━━━━━ Source material

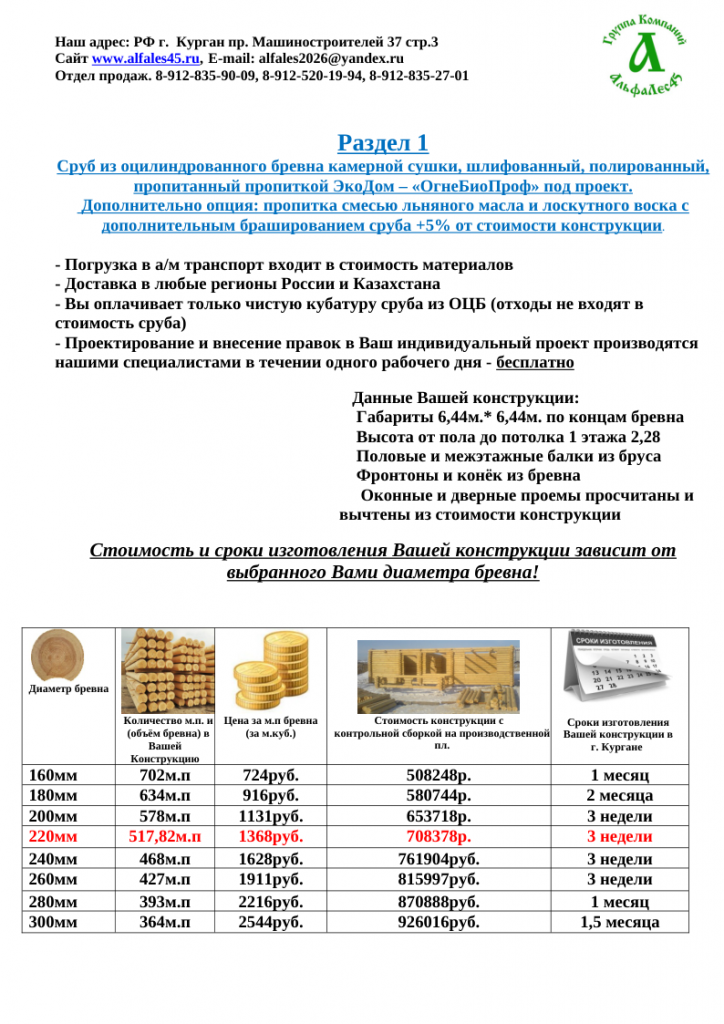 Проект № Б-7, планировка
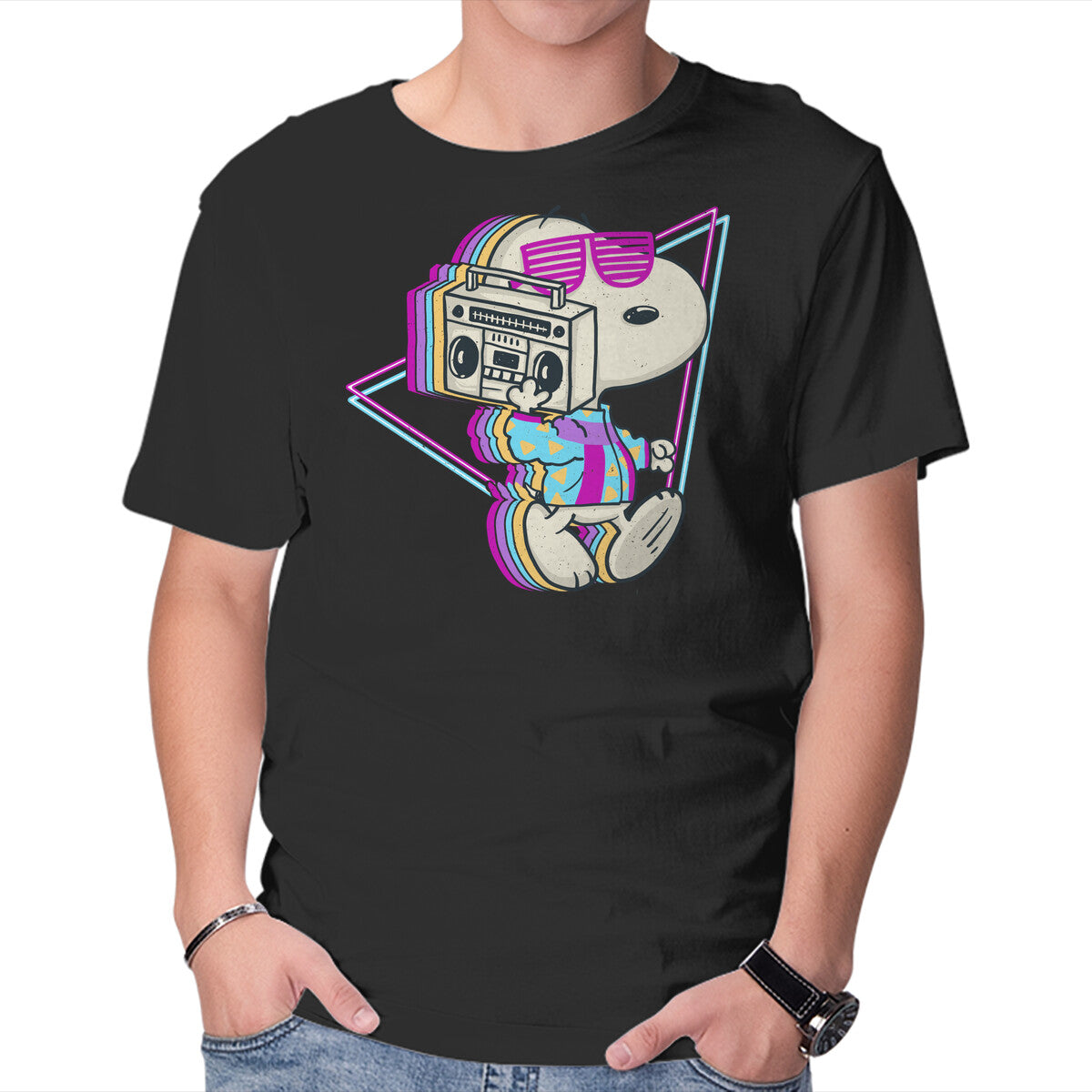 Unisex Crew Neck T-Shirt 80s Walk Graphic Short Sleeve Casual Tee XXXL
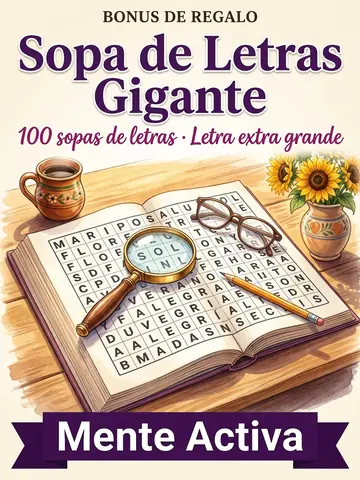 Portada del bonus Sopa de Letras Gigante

━━━━━━━━━━

- **Assignment**
Write out the data exactly, and exclude every picture it holds.

- **Task solution**
 Проект № Б-7, планировка
 Unisex Crew Neck T-Shirt 80s Walk Graphic Short Sleeve Casual Tee XXXL
 Portada del bonus Sopa de Letras Gigante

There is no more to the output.